Manuel Pfenning: Bei der Aufzählung unserer Neuzugänge fehlt mir eigentlich immer der Name Milan Liebsch. Er ist zwar kein echter Neuzugang, konnte aber berufsbedingt in der letzten Saison nur dreimal für uns spielen. Er wird dieses Jahr wieder voll dabei sein und bringt mit seiner Geschwindigkeit und seinem Einsatz nochmal zusätzliche Qualität ins Team.

Also ist die Titelverteidigung das Ziel?

Sascha Bernhardt: Wir bräuchten nicht Eishockey zu spielen, wenn die Meisterschaft nicht das persönliche Ziel von jedem Einzelnen im Team wäre. Aber es gibt noch sieben andere Mannschaften mit jeweils um die 20 Spieler, die auch alle dieses persönliche Ziel haben.
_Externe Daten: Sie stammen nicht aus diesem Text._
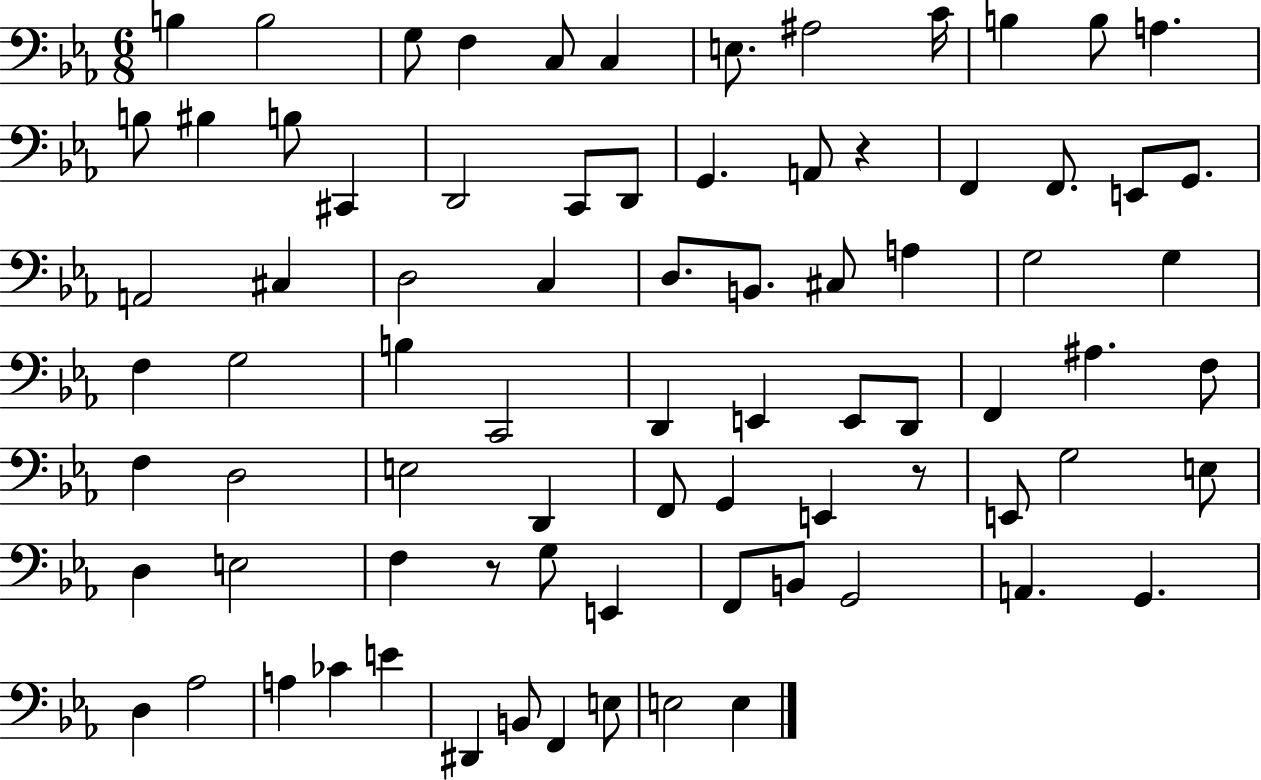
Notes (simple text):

B3/q B3/h G3/e F3/q C3/e C3/q E3/e. A#3/h C4/s B3/q B3/e A3/q. B3/e BIS3/q B3/e C#2/q D2/h C2/e D2/e G2/q. A2/e R/q F2/q F2/e. E2/e G2/e. A2/h C#3/q D3/h C3/q D3/e. B2/e. C#3/e A3/q G3/h G3/q F3/q G3/h B3/q C2/h D2/q E2/q E2/e D2/e F2/q A#3/q. F3/e F3/q D3/h E3/h D2/q F2/e G2/q E2/q R/e E2/e G3/h E3/e D3/q E3/h F3/q R/e G3/e E2/q F2/e B2/e G2/h A2/q. G2/q. D3/q Ab3/h A3/q CES4/q E4/q D#2/q B2/e F2/q E3/e E3/h E3/q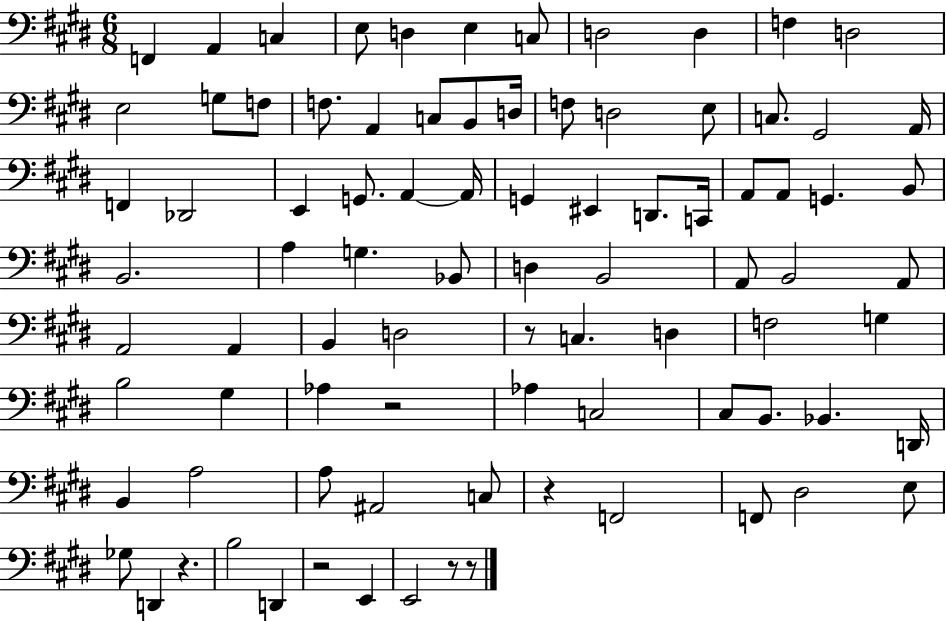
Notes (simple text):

F2/q A2/q C3/q E3/e D3/q E3/q C3/e D3/h D3/q F3/q D3/h E3/h G3/e F3/e F3/e. A2/q C3/e B2/e D3/s F3/e D3/h E3/e C3/e. G#2/h A2/s F2/q Db2/h E2/q G2/e. A2/q A2/s G2/q EIS2/q D2/e. C2/s A2/e A2/e G2/q. B2/e B2/h. A3/q G3/q. Bb2/e D3/q B2/h A2/e B2/h A2/e A2/h A2/q B2/q D3/h R/e C3/q. D3/q F3/h G3/q B3/h G#3/q Ab3/q R/h Ab3/q C3/h C#3/e B2/e. Bb2/q. D2/s B2/q A3/h A3/e A#2/h C3/e R/q F2/h F2/e D#3/h E3/e Gb3/e D2/q R/q. B3/h D2/q R/h E2/q E2/h R/e R/e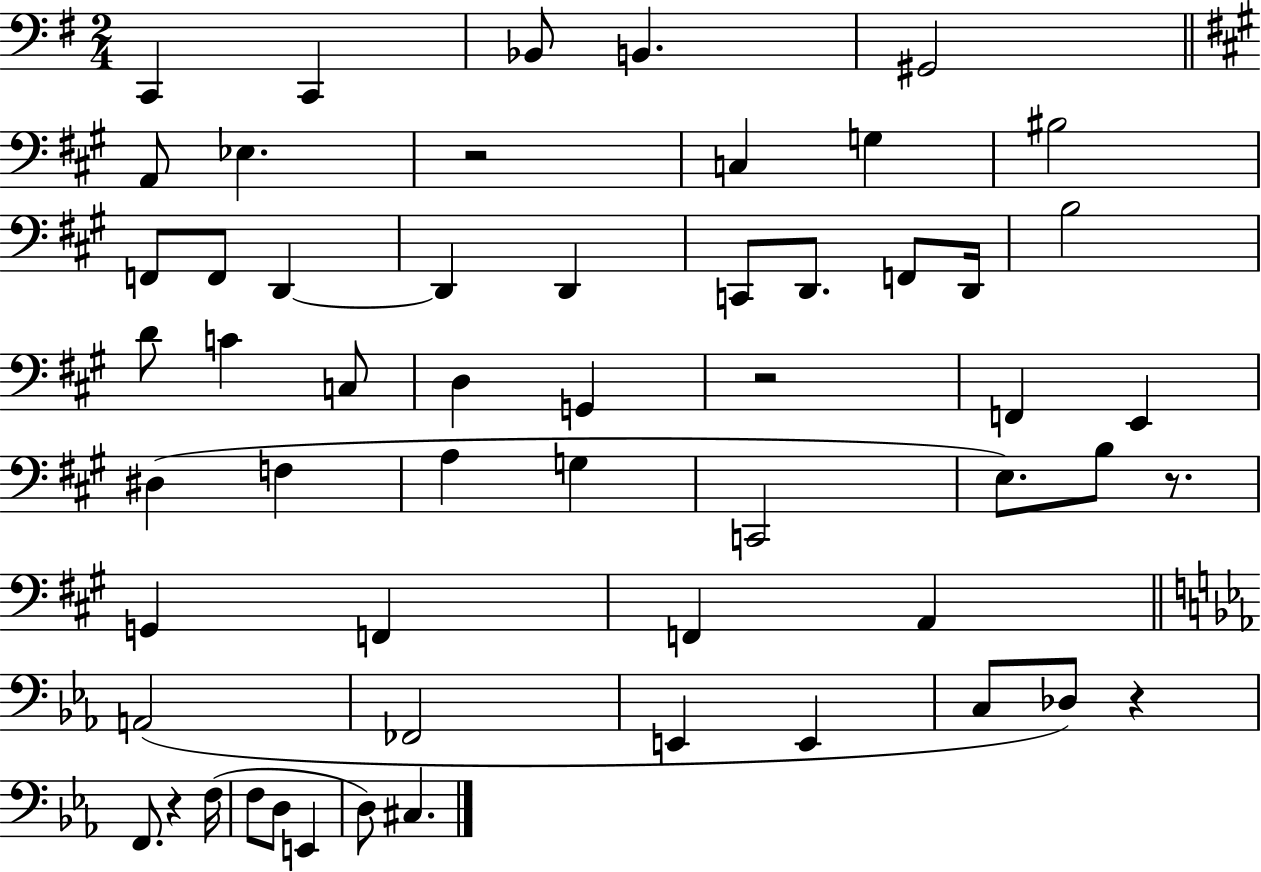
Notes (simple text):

C2/q C2/q Bb2/e B2/q. G#2/h A2/e Eb3/q. R/h C3/q G3/q BIS3/h F2/e F2/e D2/q D2/q D2/q C2/e D2/e. F2/e D2/s B3/h D4/e C4/q C3/e D3/q G2/q R/h F2/q E2/q D#3/q F3/q A3/q G3/q C2/h E3/e. B3/e R/e. G2/q F2/q F2/q A2/q A2/h FES2/h E2/q E2/q C3/e Db3/e R/q F2/e. R/q F3/s F3/e D3/e E2/q D3/e C#3/q.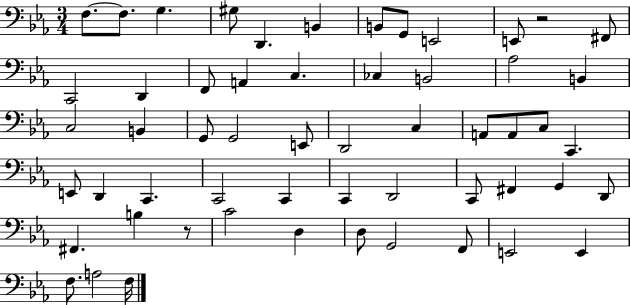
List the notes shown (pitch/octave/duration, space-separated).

F3/e. F3/e. G3/q. G#3/e D2/q. B2/q B2/e G2/e E2/h E2/e R/h F#2/e C2/h D2/q F2/e A2/q C3/q. CES3/q B2/h Ab3/h B2/q C3/h B2/q G2/e G2/h E2/e D2/h C3/q A2/e A2/e C3/e C2/q. E2/e D2/q C2/q. C2/h C2/q C2/q D2/h C2/e F#2/q G2/q D2/e F#2/q. B3/q R/e C4/h D3/q D3/e G2/h F2/e E2/h E2/q F3/e. A3/h F3/s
Deshalb, und weil die Liga qualitativ eben weiter zusammenrückt und jeder jeden schlagen kann, werden wir mit Sicherheit nicht her gehen und schon vor dem ersten Spiel den Meistertitel als Ziel ausrufen.

Manuel Pfenning: Unser primäres Ziel ist das Erreichen der Playoffs. Nicht mehr und nicht weniger. Und wenn wir dieses Ziel erreicht haben, dann können wir Schritt für Schritt weiter schauen, wie weit der Weg uns führt. Klar wäre es für mich ein schöner Abschluss, wenn ich sagen könnte, dass ich in meinen fünf Jahren bei den Eisbären fünfmal Meister geworden bin.

Ist es richtig, dass die Eisbären mit einem neuen Kapitän in die Saison gehen?

Manuel Pfenning: Ja, das stimmt. Stefan Schrimpf ist unser neuer Kapitän. Benjamin Brozicek, Patrick Luschenz und ich sind seine Assistenten.